Policy Incubator Project by Wharton Risk Management and Decision Processes Center at Pennsylvania University (USA )


In a country like the United States, accustomed to hurricanes, floods and other natural disasters, for many families the true cataclysmic impact hits them after these devastating natural phenomena have passed through, when the time comes for reconstruction and recovery. The fact is that a lack of financial resources prevents thousands of people having access to insurance that can cover them against the effects of such contingencies.

The proposed solution to this problem is the goal of the project that won this year’s Julio Castelo Matrán International Insurance Award, which recognizes those entities which help extend the insurance activity and foster economic stability. A year ago, the researcher Carolyn Kousky and her colleagues at the center launched this initiative with the aim of providing real solutions to insurance-related issues in order to help communities at greatest risk of natural disasters mitigate their effects.

How did the project come about?

Policy Incubator stemmed from the frustration of a group of researchers, as we saw how the initiatives and many of the public policies related to covering natural disasters were totally ineffective and didn’t do enough to improve the lives of the people on the ground. That’s why we had the idea of creating a public policy incubator that could resemble a business incubator; but, instead of entrepreneurial projects, we focus on identifying new policies and innovative ideas that can help families recover following a natural disaster.

How can your organization improve people’s lives?

We carry out a series of activities that seek to integrate research and practice. We work with local governments to better design their policies and provide insurance that covers disasters or catastrophes to people who could otherwise not afford it. We also seek to develop new ways of generating resources to help victims of a natural disaster recover more fully. We also work at the federal level with the United States government to implement better legislation in this area and, in general, to achieve more effective, adequate solutions to prepare for this kind of emergency.

Your projects involve many people

One of the major challenges facing us is how to work with individuals and organizations from such a wide range of areas. Our interlocutors include representatives from the local, federal or state administrations, the private sector and researchers from a variety of disciplines. And, often, there is no communication between them. In such cases, what we strive to do is to bring all these parties together in the same room and try to get them to reach agreements. However, it’s not always easy to make so many bridges.

Can you name a project you are particularly proud of?

In the United States, floods are one of the worst disasters that can happen, and there are many families who are not insured against these situations. Public aid is insufficient for low-income families. That’s why we are designing a program at the federal level to help these people with limited resources have insurance cover. Also, at a more local level, there is an innovative initiative in Portland to try to reduce the cost of flood insurance policies.

What new projects are you working on?

Precisely at this moment in time we are starting to work with coastal communities to help them adapt to climate change. The project works on the basis of understanding the new storm patterns and rising sea levels.
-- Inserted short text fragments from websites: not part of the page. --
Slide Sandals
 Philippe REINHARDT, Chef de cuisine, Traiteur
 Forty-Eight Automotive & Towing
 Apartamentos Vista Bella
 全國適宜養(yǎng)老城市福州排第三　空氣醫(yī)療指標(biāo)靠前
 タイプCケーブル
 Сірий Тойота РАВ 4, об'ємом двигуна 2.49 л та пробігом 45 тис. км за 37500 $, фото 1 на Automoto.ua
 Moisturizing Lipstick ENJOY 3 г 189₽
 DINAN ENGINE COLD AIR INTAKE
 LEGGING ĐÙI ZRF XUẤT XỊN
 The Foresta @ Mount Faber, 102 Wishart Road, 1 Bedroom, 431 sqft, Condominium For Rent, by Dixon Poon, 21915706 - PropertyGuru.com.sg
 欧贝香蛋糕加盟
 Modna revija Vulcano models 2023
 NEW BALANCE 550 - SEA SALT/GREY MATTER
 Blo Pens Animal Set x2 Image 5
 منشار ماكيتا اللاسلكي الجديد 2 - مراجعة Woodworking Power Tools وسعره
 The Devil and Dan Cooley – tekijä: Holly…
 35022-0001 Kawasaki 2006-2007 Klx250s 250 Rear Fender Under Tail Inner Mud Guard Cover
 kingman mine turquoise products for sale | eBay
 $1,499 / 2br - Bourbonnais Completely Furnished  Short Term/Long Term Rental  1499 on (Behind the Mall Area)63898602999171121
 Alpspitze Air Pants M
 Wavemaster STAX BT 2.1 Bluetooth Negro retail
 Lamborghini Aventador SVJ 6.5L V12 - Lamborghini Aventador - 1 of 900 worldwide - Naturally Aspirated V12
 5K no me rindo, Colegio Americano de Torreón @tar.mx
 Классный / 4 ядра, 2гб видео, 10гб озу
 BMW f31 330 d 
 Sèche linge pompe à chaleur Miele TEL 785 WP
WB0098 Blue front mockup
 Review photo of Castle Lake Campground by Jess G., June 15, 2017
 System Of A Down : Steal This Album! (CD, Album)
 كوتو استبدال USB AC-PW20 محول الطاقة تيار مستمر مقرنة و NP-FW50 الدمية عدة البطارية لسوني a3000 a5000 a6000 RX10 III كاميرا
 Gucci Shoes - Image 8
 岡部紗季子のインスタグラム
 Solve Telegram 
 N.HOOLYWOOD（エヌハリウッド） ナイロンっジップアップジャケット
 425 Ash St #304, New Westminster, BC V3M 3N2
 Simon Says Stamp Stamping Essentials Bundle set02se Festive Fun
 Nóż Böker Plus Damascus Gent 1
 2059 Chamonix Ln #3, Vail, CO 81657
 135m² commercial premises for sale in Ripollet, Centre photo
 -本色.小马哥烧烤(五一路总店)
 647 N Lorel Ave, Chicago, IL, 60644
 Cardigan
In parallel, we are seeking a change in the current legislation on the ground to help preserve the economy and ecological systems of these coastal areas, and ensure that these populations can continue living in safe conditions.

What would have to happen for a project such as “Policy Incubator” to no longer prove necessary in the future?

I’m afraid there’s a long way still to go. Right now we are trying to close three gaps we have identified. Firstly, there’s the insurance gap: those people who don’t have insurance to cope with these disasters. Secondly, there’s the prevention gap: many people who have not taken steps to reduce their risks. And, finally, the climate gap: in order to cope not only with present-day disasters, but also those of the future. If we can succeed on these three fronts, that would be incredible.